My interest in photography started when my Father presented me a camera when I was in year 5 at school, that was during the 70's and as a child I was doing silly photos for the family and neighbourhood, but at the University of Qatar where I studied Marine Science I met the photographer of the university and started to learn from him all the darkroom secrets and developing films, I was also a member of Qatar Photographic Society at the same time where I developed my skills with the master photographers .
How would you define photography? What makes it worth pursuing?
I can say photography for me is stress reliever or it's a kind of expression I use to express myself, also it's a media tool which is familiar for everybody in the community and it's easy to transfer a message through it. Photography is a daily practice for all ages and it keeps you engaged more and more day by day.
What inspires you?
I get my inspiration from what surrounds me. I'm a morning person so I start my day very early and get the chance to live moments with everything around me. I also take photography as a media to interact and engage the people with the issues that affect them.

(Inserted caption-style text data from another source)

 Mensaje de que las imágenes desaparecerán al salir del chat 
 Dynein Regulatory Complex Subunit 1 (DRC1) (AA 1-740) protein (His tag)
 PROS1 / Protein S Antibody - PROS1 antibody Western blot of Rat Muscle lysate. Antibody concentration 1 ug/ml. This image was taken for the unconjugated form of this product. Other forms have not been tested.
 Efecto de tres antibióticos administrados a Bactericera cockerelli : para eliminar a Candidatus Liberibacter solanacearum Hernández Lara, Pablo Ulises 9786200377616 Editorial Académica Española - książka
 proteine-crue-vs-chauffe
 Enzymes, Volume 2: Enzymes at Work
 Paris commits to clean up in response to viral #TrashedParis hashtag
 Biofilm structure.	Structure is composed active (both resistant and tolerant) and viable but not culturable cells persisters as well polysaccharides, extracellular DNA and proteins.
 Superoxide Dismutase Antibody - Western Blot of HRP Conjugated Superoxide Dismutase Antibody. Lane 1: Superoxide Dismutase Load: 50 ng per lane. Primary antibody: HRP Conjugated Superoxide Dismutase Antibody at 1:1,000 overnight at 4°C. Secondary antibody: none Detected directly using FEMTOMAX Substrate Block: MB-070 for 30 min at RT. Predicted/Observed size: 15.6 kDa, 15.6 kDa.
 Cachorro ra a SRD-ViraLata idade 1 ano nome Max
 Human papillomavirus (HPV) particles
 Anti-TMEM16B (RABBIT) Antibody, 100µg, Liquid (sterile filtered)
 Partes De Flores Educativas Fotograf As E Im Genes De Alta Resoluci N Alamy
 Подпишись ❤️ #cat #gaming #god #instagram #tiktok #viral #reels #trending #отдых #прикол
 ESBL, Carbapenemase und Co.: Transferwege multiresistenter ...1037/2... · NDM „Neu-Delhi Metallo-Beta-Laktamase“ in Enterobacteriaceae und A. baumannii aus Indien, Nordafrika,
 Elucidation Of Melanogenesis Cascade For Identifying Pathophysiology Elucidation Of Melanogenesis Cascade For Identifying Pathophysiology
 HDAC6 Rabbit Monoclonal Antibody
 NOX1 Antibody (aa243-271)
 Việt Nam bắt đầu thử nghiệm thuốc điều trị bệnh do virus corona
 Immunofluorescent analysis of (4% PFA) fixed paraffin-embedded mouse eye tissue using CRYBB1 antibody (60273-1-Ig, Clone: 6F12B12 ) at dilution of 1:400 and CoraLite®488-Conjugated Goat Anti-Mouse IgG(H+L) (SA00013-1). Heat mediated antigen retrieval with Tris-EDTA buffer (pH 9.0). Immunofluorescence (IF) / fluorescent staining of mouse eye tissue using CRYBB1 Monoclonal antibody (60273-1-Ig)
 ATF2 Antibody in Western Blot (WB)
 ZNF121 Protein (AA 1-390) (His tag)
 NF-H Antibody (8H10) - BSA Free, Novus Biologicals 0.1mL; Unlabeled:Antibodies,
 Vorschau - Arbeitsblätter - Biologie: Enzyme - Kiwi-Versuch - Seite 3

What makes a good photograph?
I think a good photograph can be made if the photographer considers some factors, the most important factor is practice and keep the camera with you wherever you are going, because the picture could come at anytime so you should be ready.
You have to be ready for this moment when the lucky scene is happening in front of you. This is what we call a lucky picture, but if you are not ready this lucky picture will never happen.
Any advice that you’d like to give aspiring photographers?
I would like to advice the photographers to look more around them and create a data bank of pictures in your brain, that will enrich your vision and culture and will inspire you with all the pictures you are taking. Also try to be yourself and use the tools (camera) you have and avoid complications. As much the picture is a symbol as stronger it will be if all the elements are completed.